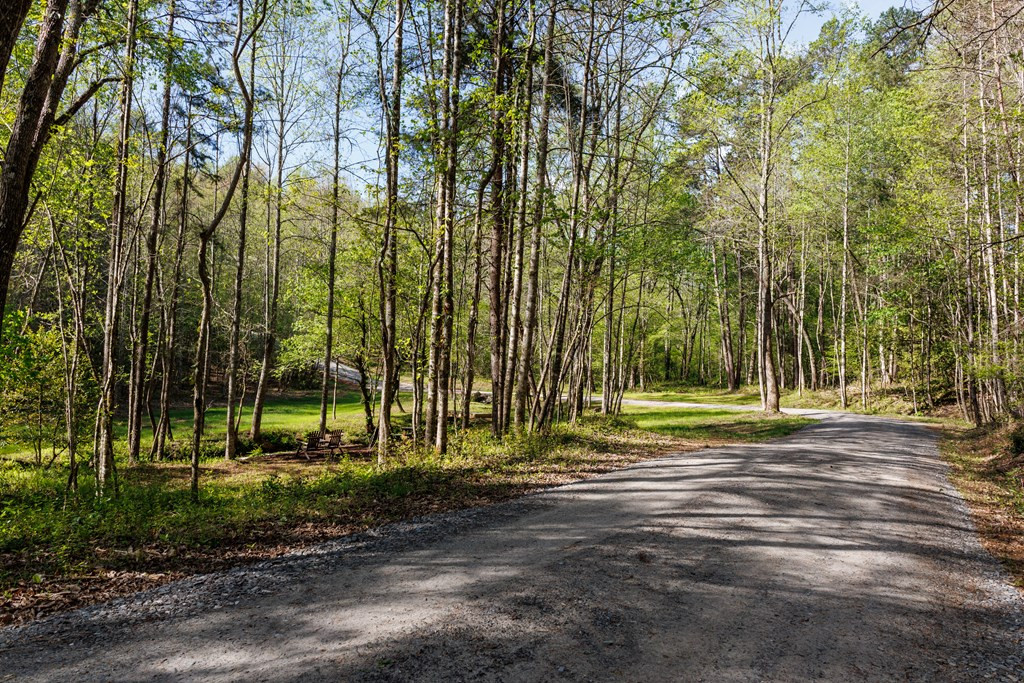 342 Hunter Ridge Murphy, NC 28906 - Photo 24 of 81 Well maintained level roadway
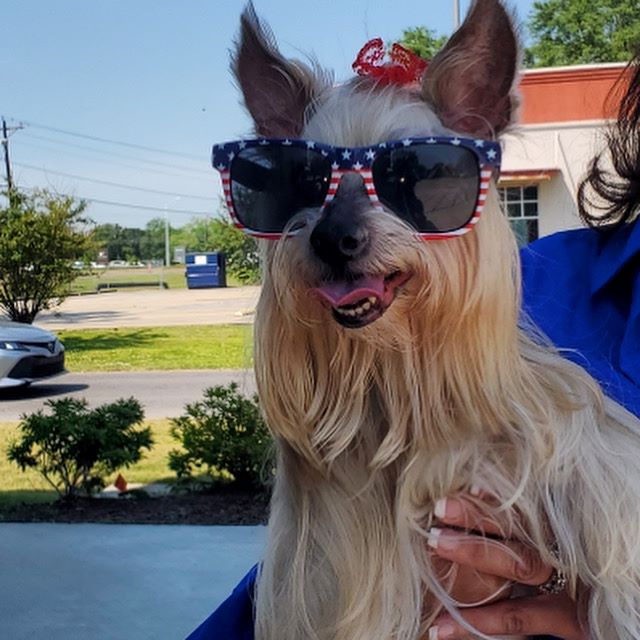 Carson Animal Hospital gallery photo 39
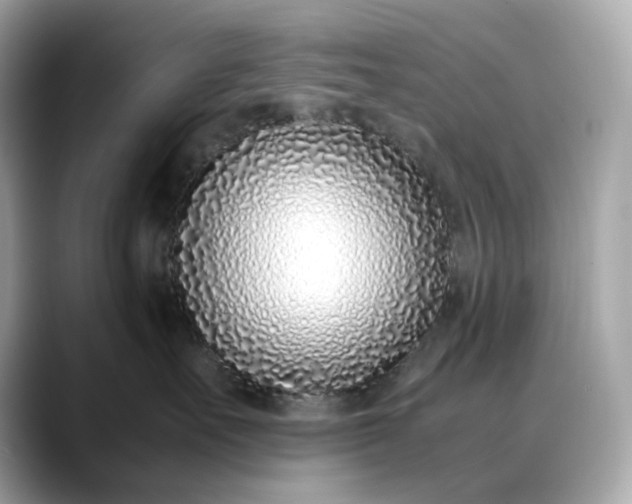 X0000088360527200706051025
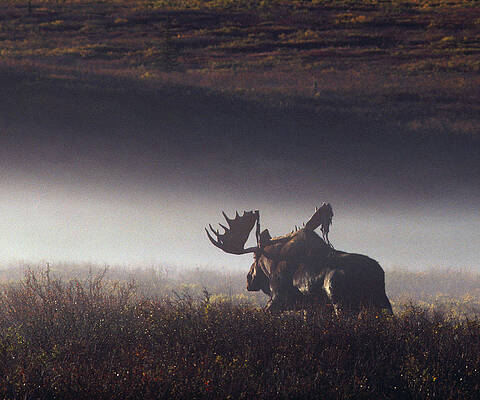 Bull Moose Alces Alces Walking Through Print by Johnny Johnson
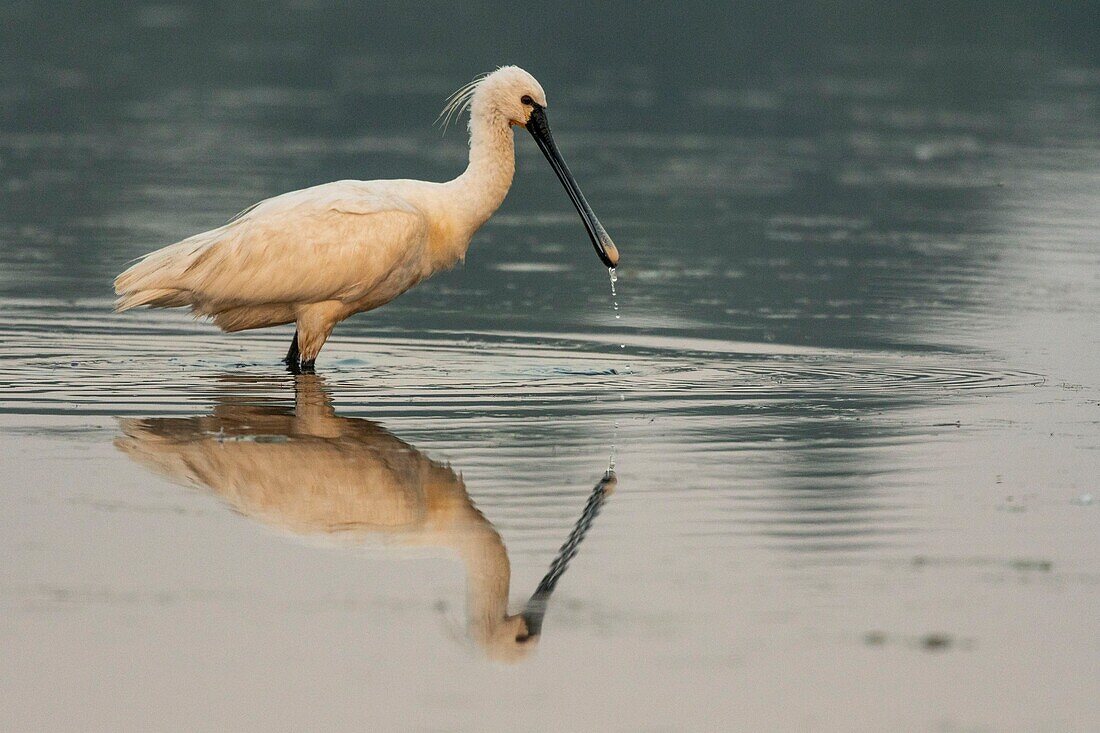 Frankreich, Somme, Somme-Bucht, Le Crotoy, Crotoy-Sumpf, Löffler (Platalea leucorodia Eurasian Spoonbill)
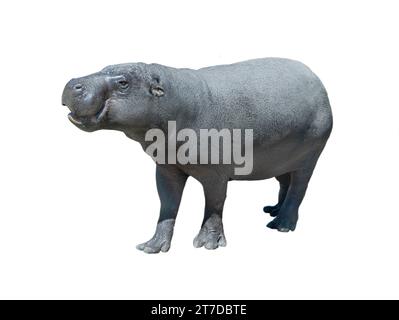 ippopotamo pigmeo isolato su sfondo bianco Foto Stock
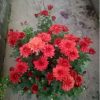 Krisan Spray Merah Rimbun Premium Tanpa Pot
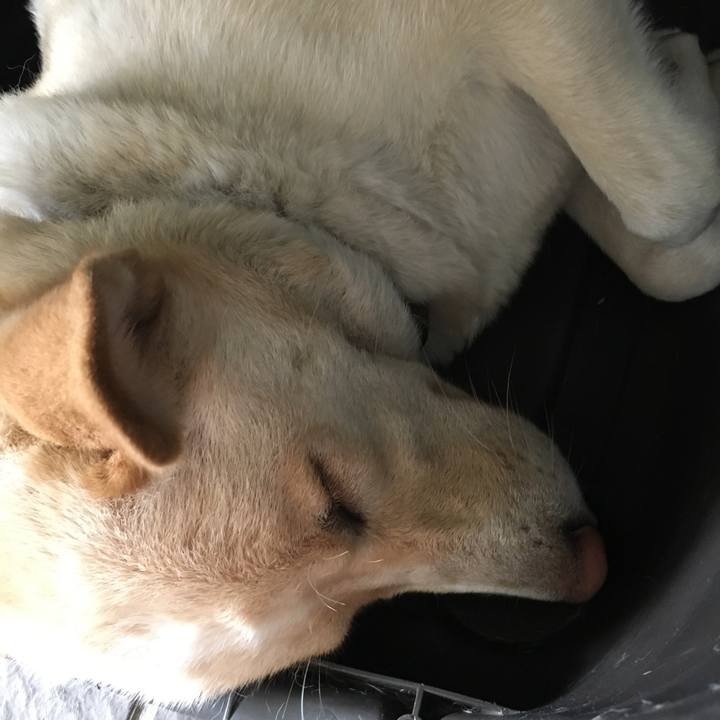 7fa996c1 6f46 4a68 8ee8 b350150ad657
+ + +
• _Problem_: Repeat exactly and only the lines from the start of the data above through the line that holds "Bull Moose Alces", inclusive. Pictures do not belong in the copy.

• _Answer below_:
 342 Hunter Ridge Murphy, NC 28906 - Photo 24 of 81 Well maintained level roadway
 Carson Animal Hospital gallery photo 39
 X0000088360527200706051025
 Bull Moose Alces Alces Walking Through Print by Johnny Johnson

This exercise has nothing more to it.